ざっと1学年分を100万部と計算すれば、毎年最上位にランクインすべき「超ベストセラー」なのである。大人になっても、ニュースで知った国や都市名などを確認する時に地図帳を取り出す人は少なくないようで、卒業して他の教科書は捨てても地図帳だけは保存しているという話はよく耳にする。

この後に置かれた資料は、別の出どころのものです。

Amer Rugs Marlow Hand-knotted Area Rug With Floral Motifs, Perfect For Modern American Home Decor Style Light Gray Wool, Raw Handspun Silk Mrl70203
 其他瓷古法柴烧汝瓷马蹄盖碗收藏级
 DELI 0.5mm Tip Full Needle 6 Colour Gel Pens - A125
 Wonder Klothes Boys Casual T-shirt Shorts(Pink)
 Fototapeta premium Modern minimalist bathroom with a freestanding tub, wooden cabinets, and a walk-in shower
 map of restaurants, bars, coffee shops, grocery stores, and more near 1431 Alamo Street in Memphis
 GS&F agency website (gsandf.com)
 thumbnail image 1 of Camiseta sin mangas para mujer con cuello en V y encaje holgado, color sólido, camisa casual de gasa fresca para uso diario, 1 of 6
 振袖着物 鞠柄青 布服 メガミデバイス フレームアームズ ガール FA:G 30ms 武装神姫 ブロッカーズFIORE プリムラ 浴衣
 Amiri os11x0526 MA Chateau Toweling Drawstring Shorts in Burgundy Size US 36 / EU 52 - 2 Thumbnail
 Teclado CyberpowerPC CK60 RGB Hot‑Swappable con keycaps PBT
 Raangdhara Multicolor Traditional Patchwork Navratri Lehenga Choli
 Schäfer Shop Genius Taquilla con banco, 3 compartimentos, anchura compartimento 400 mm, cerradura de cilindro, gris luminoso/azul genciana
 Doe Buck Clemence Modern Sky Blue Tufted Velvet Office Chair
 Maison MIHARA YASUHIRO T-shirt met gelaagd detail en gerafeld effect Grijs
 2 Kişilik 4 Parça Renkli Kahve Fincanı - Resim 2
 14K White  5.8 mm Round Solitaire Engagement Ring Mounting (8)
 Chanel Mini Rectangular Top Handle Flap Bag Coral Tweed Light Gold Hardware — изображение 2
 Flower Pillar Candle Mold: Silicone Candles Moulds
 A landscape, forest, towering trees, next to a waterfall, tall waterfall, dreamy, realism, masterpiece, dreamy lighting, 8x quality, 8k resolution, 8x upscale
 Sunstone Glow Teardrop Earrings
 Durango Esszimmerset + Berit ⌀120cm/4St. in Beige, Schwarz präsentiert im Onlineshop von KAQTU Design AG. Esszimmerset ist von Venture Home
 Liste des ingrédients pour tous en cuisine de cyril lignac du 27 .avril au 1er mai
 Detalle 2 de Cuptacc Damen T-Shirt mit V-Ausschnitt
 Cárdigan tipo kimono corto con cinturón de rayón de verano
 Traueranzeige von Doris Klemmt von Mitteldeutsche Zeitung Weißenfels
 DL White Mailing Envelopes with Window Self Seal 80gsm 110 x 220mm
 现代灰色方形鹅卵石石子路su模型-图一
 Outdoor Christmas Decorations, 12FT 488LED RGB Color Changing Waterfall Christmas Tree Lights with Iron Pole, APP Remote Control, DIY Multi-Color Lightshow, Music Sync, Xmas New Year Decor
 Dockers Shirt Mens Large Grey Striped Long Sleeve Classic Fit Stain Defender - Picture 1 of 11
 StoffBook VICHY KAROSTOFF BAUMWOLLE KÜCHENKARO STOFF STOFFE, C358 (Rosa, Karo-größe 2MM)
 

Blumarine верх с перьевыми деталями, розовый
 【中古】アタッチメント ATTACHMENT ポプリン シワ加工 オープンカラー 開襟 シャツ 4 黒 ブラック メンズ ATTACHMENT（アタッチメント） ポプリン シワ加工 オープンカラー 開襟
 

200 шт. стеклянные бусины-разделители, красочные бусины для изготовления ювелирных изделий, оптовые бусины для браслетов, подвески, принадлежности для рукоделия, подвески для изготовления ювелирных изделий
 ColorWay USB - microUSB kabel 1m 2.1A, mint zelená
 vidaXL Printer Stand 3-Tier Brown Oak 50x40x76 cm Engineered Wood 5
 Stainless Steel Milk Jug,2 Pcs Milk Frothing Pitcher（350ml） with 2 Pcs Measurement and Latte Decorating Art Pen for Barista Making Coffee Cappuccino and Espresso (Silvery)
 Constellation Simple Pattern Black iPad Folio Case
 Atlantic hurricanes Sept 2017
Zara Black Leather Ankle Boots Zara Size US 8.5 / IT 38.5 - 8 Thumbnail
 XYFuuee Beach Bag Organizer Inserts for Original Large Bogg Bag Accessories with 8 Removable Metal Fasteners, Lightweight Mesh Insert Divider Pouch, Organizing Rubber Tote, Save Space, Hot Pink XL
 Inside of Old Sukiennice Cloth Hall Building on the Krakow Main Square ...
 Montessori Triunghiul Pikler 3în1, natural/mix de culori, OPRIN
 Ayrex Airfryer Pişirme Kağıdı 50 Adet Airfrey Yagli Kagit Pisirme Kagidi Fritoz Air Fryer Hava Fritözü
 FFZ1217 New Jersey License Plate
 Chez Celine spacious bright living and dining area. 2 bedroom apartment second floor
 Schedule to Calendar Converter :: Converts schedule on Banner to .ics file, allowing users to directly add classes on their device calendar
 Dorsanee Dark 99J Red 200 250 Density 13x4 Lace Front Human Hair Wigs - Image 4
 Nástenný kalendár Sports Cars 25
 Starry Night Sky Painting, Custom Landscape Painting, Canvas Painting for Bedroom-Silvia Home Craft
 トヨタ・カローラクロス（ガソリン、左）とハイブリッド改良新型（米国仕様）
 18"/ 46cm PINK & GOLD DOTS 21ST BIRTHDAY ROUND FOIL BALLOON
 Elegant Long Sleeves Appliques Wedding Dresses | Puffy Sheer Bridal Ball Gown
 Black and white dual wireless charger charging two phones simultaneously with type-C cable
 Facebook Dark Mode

それでも20年、30年と経過すればだいぶ内容が古くなるのは当然で、東西のドイツは統一されるし、ソ連やユーゴスラヴィアは消滅、後者が元あった場所の南端には「北マケドニア」という新国名も出現している。グルジアはまさかの英語読み「ジョージア」に改称され、アフリカのザイールはコンゴ民主共和国と名を変えた。自然の地形も同様で、たとえばカスピ海の東に位置するアラル海は、ソ連時代の灌漑の悪影響で見る影もなく縮小している。
1957年の地図帳に書かれてある
「ハーヌ民国」とはどこの国?
私が戦前の鉄道時刻表の復刻版に熱中していた大学生の頃(1980年前後)だろうか、小泉純一郎元首相と高校の同級生だったという叔母から地図帳を譲り受けた。本稿を書くにあたって探しても見当たらないのは残念だが、昭和32(1957)年頃の版である。当時の日本国内は今はなき多数のローカル線たちで賑わっていたし、世界もまったく「景色」が違うので興奮したものである。